= Assignment =
After locating the line with "FACE SPROUT リュック　ノースフェイス" below, output it and each following line exactly, stopping after the line with "2026 Nissan Pathfinder Platinum SUV". No pictures.

= Supplied entries =
────
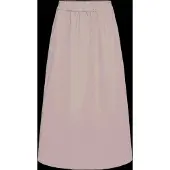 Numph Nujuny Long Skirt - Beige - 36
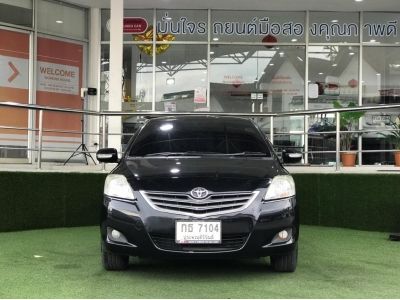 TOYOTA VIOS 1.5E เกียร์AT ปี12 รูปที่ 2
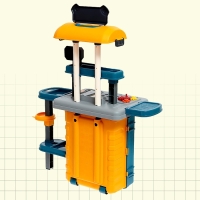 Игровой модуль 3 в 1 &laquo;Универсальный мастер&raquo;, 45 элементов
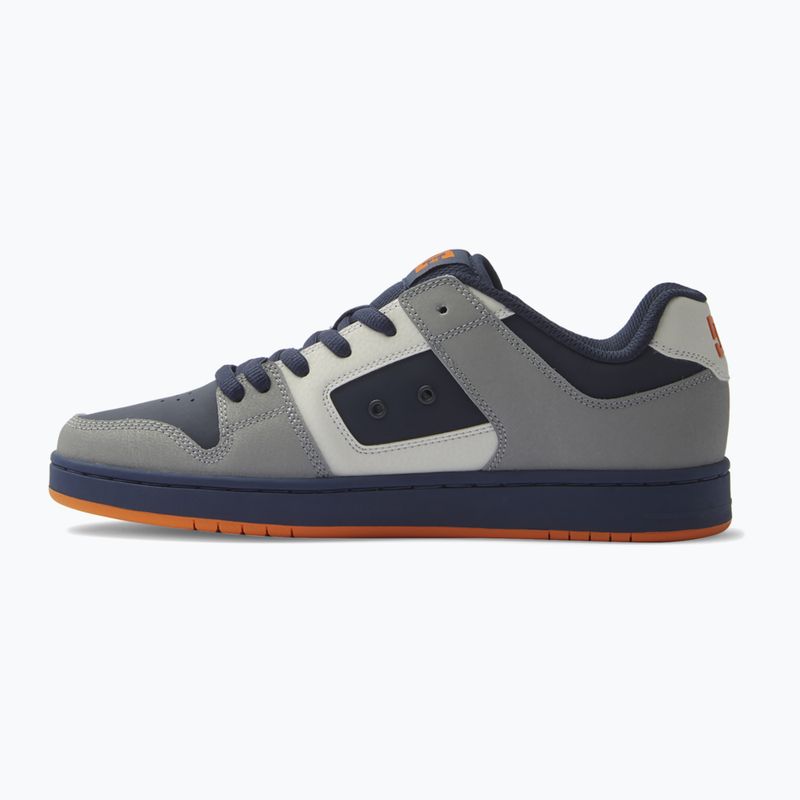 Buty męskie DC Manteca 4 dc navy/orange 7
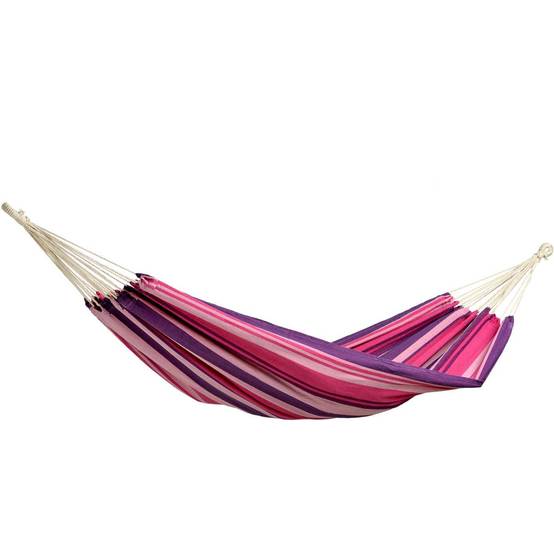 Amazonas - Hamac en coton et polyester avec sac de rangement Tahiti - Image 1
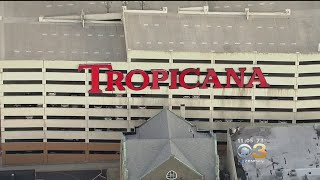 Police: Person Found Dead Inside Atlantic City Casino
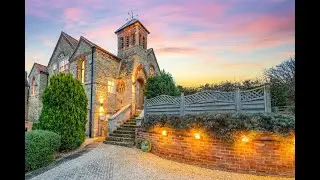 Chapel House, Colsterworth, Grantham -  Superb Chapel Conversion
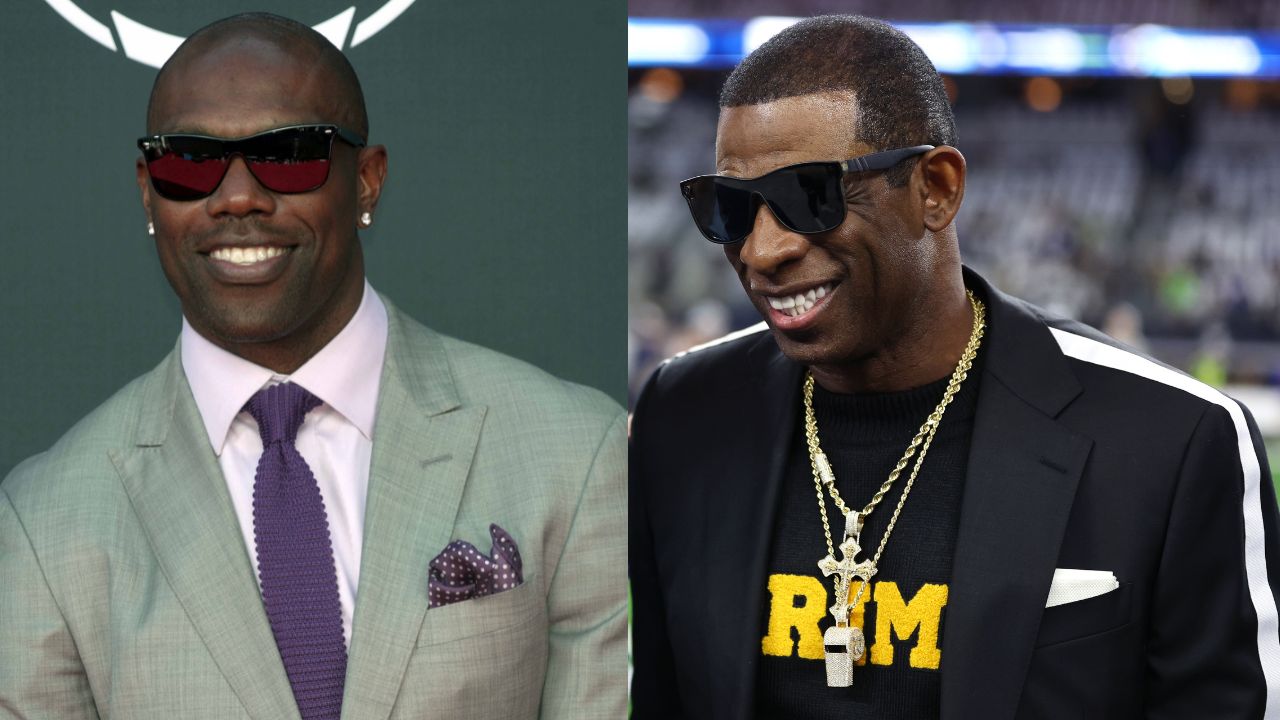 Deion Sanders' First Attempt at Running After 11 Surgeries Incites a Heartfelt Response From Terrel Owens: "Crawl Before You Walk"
────
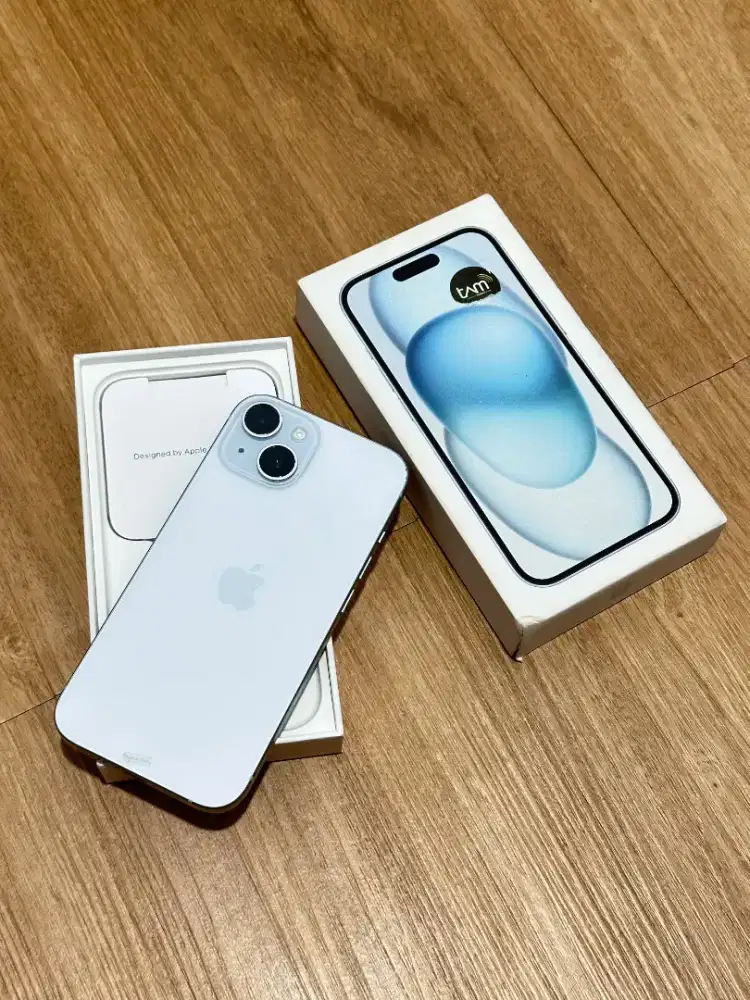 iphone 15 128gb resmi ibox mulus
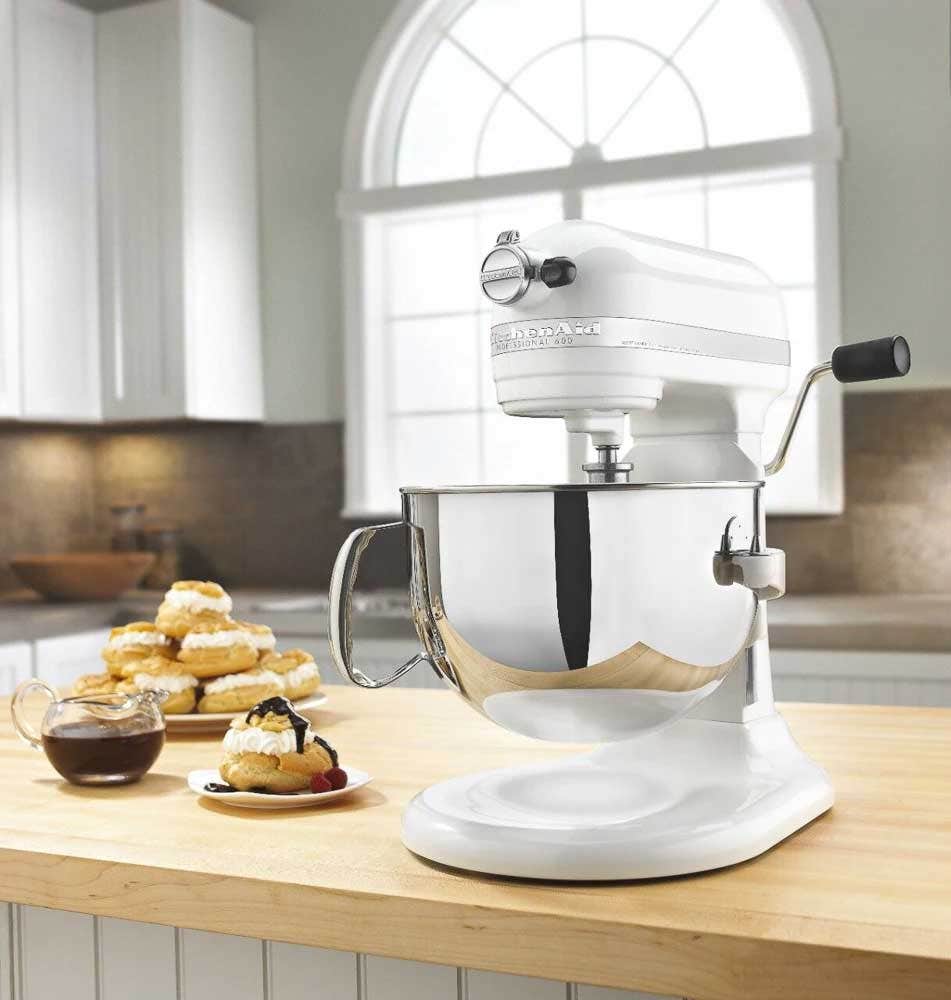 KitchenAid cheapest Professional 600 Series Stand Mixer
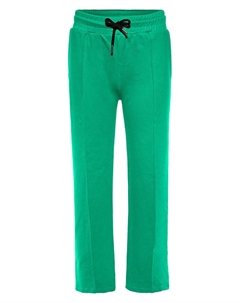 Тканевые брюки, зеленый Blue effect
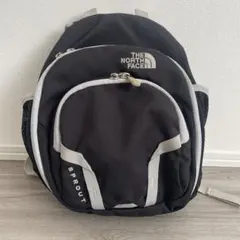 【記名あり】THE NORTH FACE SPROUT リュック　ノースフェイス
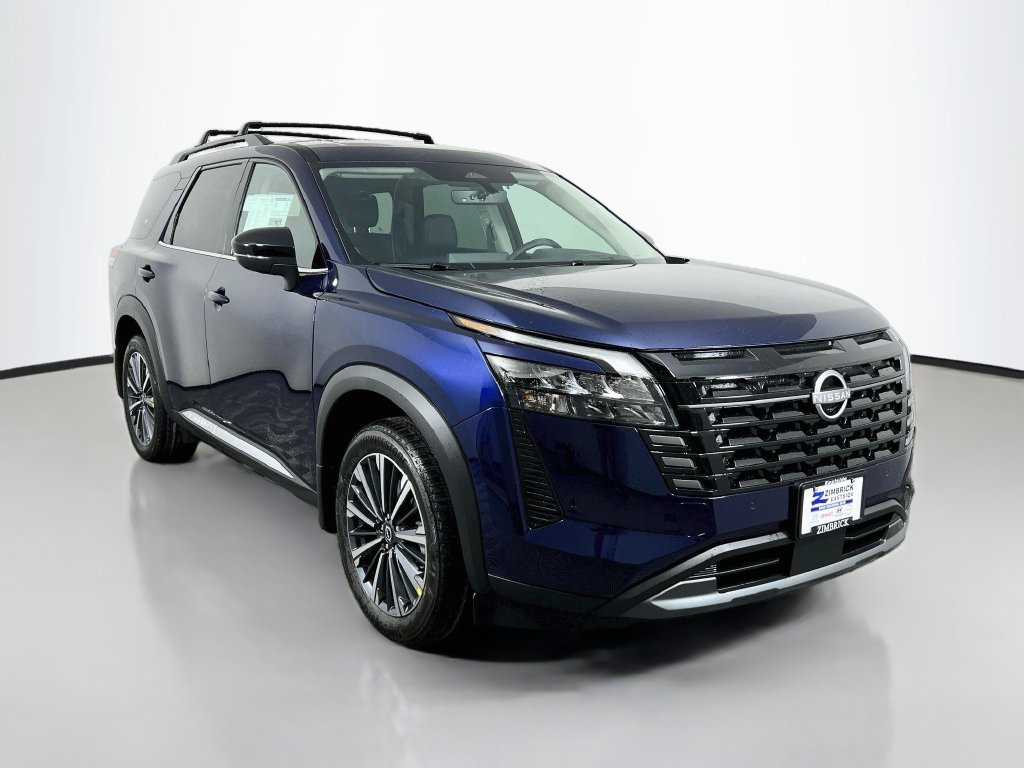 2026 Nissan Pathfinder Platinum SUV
────
= Result of the exercise =
 【記名あり】THE NORTH FACE SPROUT リュック　ノースフェイス
 2026 Nissan Pathfinder Platinum SUV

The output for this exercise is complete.